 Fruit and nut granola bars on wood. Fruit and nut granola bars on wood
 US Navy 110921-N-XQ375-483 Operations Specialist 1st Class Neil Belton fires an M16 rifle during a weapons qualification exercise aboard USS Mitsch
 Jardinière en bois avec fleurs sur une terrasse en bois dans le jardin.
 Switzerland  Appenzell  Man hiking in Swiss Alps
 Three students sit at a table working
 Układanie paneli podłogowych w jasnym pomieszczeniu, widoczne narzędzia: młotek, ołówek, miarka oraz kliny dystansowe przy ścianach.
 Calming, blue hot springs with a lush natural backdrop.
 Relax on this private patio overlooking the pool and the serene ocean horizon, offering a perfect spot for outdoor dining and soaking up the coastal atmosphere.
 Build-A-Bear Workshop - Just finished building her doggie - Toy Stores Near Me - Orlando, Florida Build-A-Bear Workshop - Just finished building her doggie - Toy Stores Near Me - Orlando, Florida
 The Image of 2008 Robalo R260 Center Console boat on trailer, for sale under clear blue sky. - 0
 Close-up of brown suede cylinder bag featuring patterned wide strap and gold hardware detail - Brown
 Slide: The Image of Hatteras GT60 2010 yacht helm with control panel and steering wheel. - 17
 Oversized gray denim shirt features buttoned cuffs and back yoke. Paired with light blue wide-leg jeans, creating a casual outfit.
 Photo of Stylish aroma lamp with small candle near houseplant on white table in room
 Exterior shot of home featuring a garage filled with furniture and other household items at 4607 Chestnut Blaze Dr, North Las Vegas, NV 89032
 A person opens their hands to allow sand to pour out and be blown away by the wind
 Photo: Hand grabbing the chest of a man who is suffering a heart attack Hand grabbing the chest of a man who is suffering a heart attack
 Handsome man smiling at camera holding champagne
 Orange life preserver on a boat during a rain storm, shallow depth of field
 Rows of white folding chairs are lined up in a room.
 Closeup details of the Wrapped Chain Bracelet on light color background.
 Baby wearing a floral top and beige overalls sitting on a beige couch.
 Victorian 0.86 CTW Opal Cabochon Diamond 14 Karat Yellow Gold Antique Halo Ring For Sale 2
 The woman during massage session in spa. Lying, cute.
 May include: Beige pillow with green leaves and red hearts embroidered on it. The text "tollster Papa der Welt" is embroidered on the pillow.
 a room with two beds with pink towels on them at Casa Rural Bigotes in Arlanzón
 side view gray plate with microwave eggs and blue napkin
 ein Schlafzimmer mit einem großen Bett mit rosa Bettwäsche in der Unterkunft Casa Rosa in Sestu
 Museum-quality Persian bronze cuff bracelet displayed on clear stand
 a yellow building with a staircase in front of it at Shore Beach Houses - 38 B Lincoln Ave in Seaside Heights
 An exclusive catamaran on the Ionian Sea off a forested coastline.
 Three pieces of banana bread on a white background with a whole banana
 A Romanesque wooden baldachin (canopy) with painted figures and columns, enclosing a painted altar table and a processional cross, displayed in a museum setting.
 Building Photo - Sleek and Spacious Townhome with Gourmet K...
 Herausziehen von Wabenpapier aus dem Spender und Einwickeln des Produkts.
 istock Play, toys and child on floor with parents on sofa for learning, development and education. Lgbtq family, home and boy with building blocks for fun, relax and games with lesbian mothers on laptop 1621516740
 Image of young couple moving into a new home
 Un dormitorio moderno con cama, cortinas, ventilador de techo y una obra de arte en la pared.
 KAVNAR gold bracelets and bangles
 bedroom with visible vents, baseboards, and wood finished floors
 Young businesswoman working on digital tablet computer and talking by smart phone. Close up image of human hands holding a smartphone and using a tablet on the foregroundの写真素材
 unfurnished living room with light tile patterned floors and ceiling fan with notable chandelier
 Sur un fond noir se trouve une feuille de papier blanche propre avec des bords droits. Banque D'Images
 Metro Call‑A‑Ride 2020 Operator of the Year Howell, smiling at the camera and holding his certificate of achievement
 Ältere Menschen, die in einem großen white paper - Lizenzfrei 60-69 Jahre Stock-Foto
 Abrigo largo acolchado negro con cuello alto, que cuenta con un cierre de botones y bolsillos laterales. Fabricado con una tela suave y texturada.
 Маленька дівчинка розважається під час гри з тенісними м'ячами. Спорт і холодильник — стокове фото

§ §

• What you are asked to do: Copy, exactly and only, the lines above that begin with the one containing "istock Play, toys" and finish with the one containing "Image of young couple moving into a new home".

• Expected answer:
 istock Play, toys and child on floor with parents on sofa for learning, development and education. Lgbtq family, home and boy with building blocks for fun, relax and games with lesbian mothers on laptop 1621516740
 Image of young couple moving into a new home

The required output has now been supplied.